Thank you for sharing your thoughts 🙏. The main advantage for UserOptions in my mind would be that it is cross-device. If that is not required, then LocalStorage seems indeed the straight-forwardly better choice. Maybe we can start with LocalStorage, and if people complain about still seeing community updates on their phone after dismissing them on desktop, then we can think about whether UserOption is worth the added complexity of explicit invalidation.

What should be stored to identify the update that was dismissed?
How to decide what determines a "new" Community Update

That's the trickier question. Some possible options:

  • store the title
    • PRO: the title is probably going change if it is a new Community Update, and is probably going to stay the same while the description copy and logo might be more likely to be adjusted for the same campaign
    • CON: but minor wording changes to the title, including typo-fixes would still cause a new update to be shown
  • add a new field to the config form: "Update id" or "Update key" or something, with a placeholder/example like 2024-09-WomenInRed-01 and explain that changing this triggers the update to be shown to all users again
    • PRO: an explicit mechanism, and this might scale better to a future where we have multiple updates
    • CON: it is an additional field in the form that needs to be explained and validated and so on

Hmm... Can we make use of the identifier we already have – the revision ID? With CC2.0, CommunityUpdates have its own configuration page, so changes of the latest revision ID should more-or-less correspond to changes between user options. Of course, this is not precise (I might make just a very minor change like deleting a space, or I might change the "minimum edits" requirement without changing the wording). However, it is the closest approximation we have available. This would need some changes to CommunityConfiguration itself, to make the revision ID retrievable. However, that should be fairly reasonable to do.

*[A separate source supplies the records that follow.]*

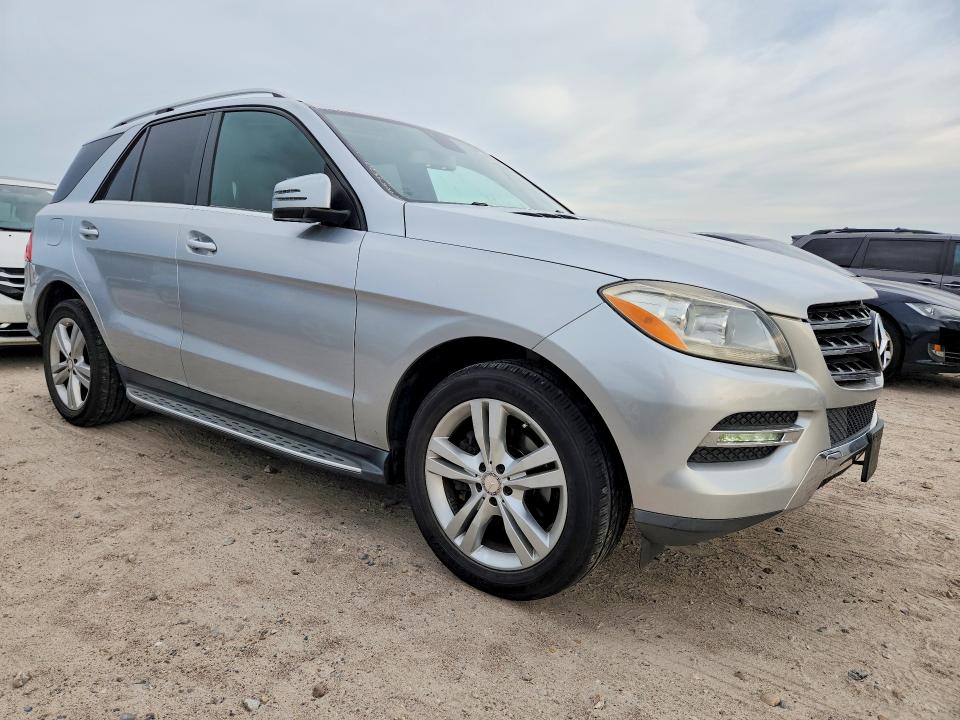 67702166 :رقم المزاد ، 4JGDA5JB9DA260839 vin ، 2013 Mercedes-benz Ml مزاد بيع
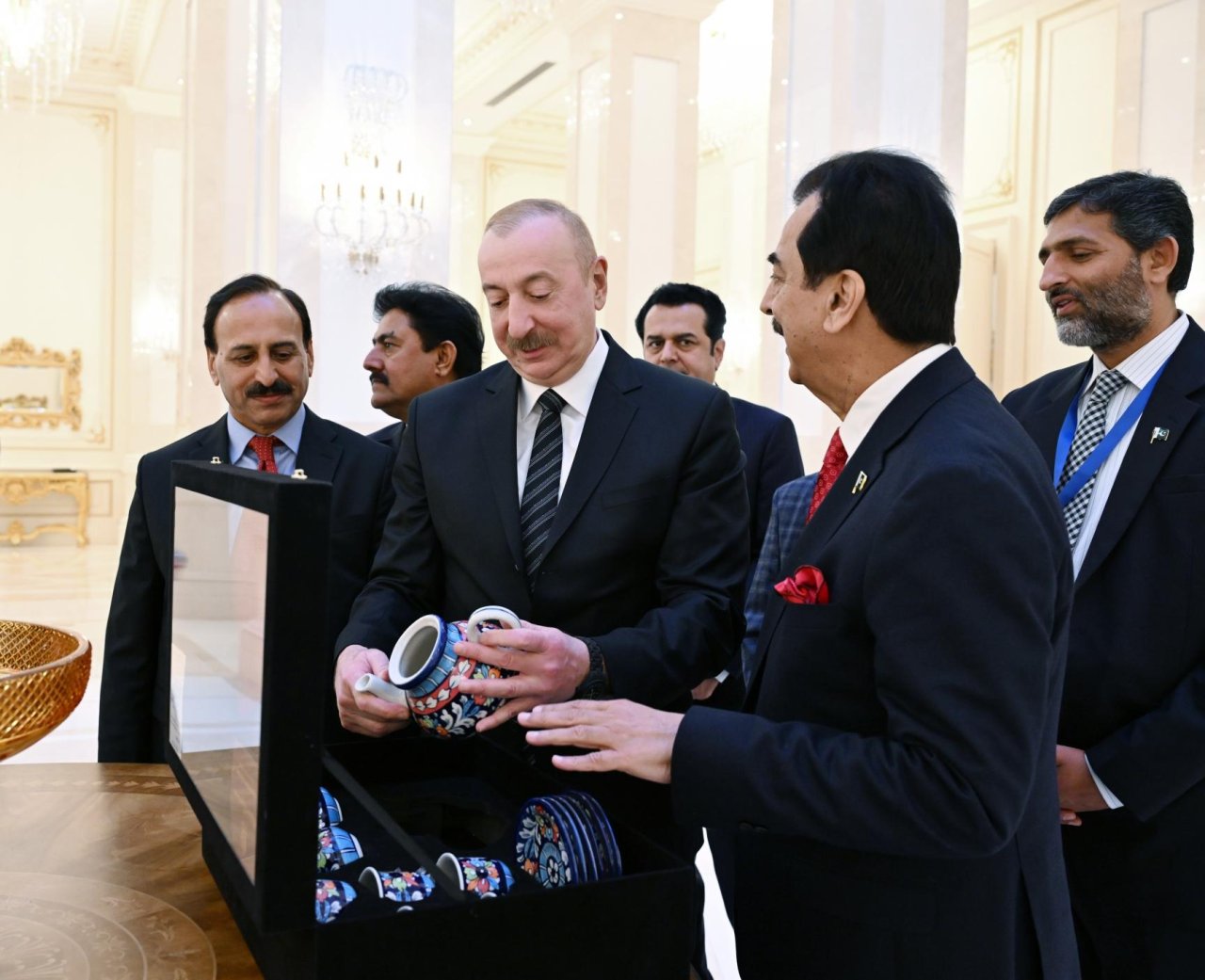 İlham Əliyev Pakistan Senatının sədrini qəbul etdi - FOTO/VİDEO - foto 2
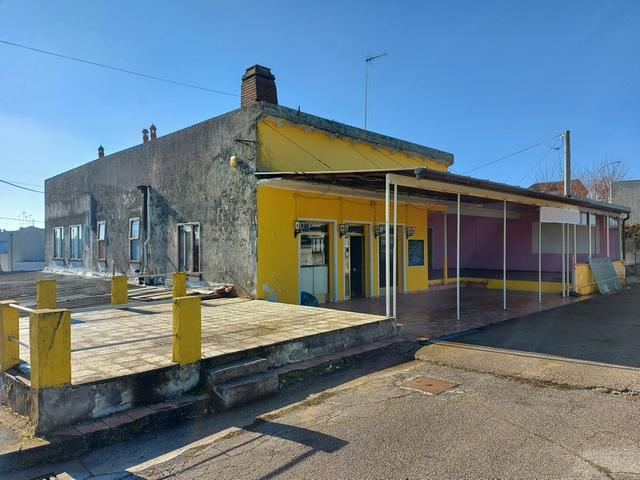 #15825 Immobile commerciale su due livelli con pertinenza esclusiva in vendita - foto 2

  • PRO: transparent for the admin
  • CON: users might see one update twice (either genuinely, or because an admin made a very minor edit)

@Michael Do you have any thoughts on this third approach?

Mh, my main motivation behind my suggested approaches was to limit how the dismissal is invalidated by trivial changes. Your approach, while otherwise the simplest, would indeed dismiss it on any change. But maybe trivial changes are not made that often days after a banner has been published, so this doesn't matter?

Either way, given @KStoller-WMF's comment above (T365894#10107684), it seems this functionality is not strictly required for the MVP anyway. It might make sense to revisit this task for "CommunityUpdates v2" when we maybe have multiple + scheduled updates configured, because that will change the requirements that we have for the dismiss-behavior.